> ABOUT THIS EXERCISE
Copy every line of the data that contains the string "sofa".

(Saved entries)
######

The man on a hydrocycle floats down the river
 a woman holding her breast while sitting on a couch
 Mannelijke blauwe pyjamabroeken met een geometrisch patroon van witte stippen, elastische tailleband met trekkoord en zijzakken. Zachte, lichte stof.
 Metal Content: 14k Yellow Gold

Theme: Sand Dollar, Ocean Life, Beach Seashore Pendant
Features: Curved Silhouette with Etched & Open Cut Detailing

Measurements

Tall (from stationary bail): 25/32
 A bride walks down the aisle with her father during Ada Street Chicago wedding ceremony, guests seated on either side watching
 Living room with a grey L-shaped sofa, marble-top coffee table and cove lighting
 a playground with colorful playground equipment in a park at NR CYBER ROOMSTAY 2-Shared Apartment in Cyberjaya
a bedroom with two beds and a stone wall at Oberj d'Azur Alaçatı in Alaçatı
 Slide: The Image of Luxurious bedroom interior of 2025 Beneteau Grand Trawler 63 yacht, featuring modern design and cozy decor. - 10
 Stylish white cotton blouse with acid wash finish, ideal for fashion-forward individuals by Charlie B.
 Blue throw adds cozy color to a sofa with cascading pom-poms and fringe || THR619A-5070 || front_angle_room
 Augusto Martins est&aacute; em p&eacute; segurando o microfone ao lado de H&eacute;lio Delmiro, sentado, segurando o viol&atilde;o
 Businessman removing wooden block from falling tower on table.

######

> WRITTEN RESPONSE
 Living room with a grey L-shaped sofa, marble-top coffee table and cove lighting
 Blue throw adds cozy color to a sofa with cascading pom-poms and fringe || THR619A-5070 || front_angle_room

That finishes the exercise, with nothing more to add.